This is the only utility corridor on this list to stretch into Alexandria, and it then heads south across Fairfax where there are already short trail segments on the corridor.
On the east end, the corridor starts just inside the beltway at the water treatment plant and then moves into the same corridor as the Beltway. This is not impossible for a trail to navigate, but it would mean placing a trail in between a freeway and its ramps, or other facilities, on top of what is now a drainage ditch. And at least one bridge would be needed over Hooff Run. It's probably not worth it, even if it does create a connection to the Eisenhower Avenue Metro.
Getting across the Beltway there would be very difficult too.
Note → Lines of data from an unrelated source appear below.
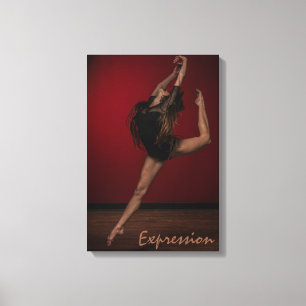 Dance Art, Dancer, Red, Black, Expression Canvas Print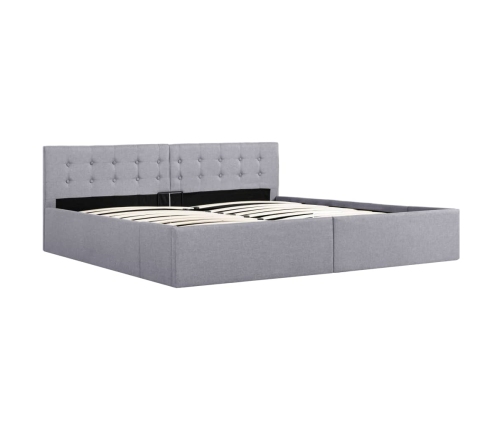 vidaXL Cama canapé hidráulica almacenaje tela gris claro 180x200 cm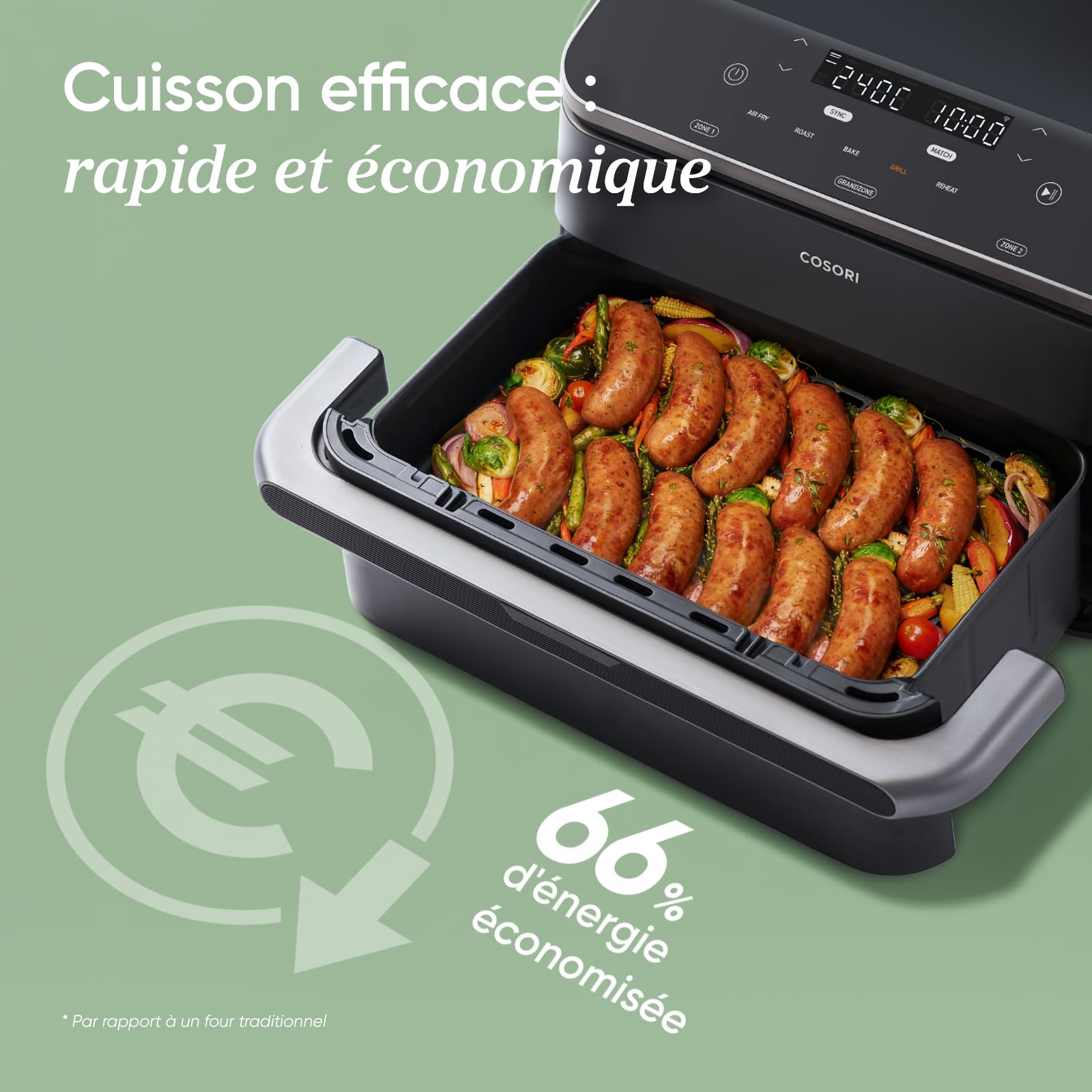 COSORI Air Fryer 10L Twinfry, Friteuse sans Huile Double Résistance, Airfryer à Dual Zone Avec Séparateur Amovible, 5-en-1, Grande Capacité, Cuisson optimale, 40℃-240℃, 70 Recettes en ligne,Noir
Better to just use the trail on Eisenhower and the ramp to Telegraph Road. But it's nice to have options.
From there, the corridor - now in Fairfax County - becomes a lot easier to use all the way to S. Van Dorn Street. In fact for most of the way between S.Van Dorn and Rose Hill there's already a trail. Between Van Dorn and Hayfield the corridor runs along Manchester Boulevard and over some parking lots, making it harder to adapt, but at Hayfield another trail picks up (and diverts along a spur to Kingstown Village Parkway) and the corridor becomes easy to adapt all the way to I-95 and the railroad line east of it. The spur is also adaptable up to that point.
Interestingly, a bridge for either of those over the railroad would create a connection to the Fairfax County Parkway Trail.
There's no way to cross I-95 by bike between Rolling Road and the Franconia-Springfield Parkway (and maybe that should be fixed) but once on the west side it again becomes a good corridor all the way to the Occoquan. One small section has a trail on it and the corridor is criss-crossed by trails in the South Run Stream Valley Park. It also connects with the Cross County Trail, some sidepaths along Pohlick, Ox and Silverbrook Roads and another corridor that goes to Middleburg, VA. On the downside, crossing some of the roads would be unpleasant without grade separation.
On the other side of the Occoquan, in Prince William County, the corridor gets more difficult with lots of water crossings, another crossing of I-95 and some wetland issues. But certainly parts could be adapted. There are two parallel corridors in that part of the County that lead to the Possom Point power plant - the other one goes to Idylwood - and it might make sense to focus on the other one first, or to find a way to use parts of each. Along the way it intersects another corridor, and then there are a few other lines that come out of Possom Point.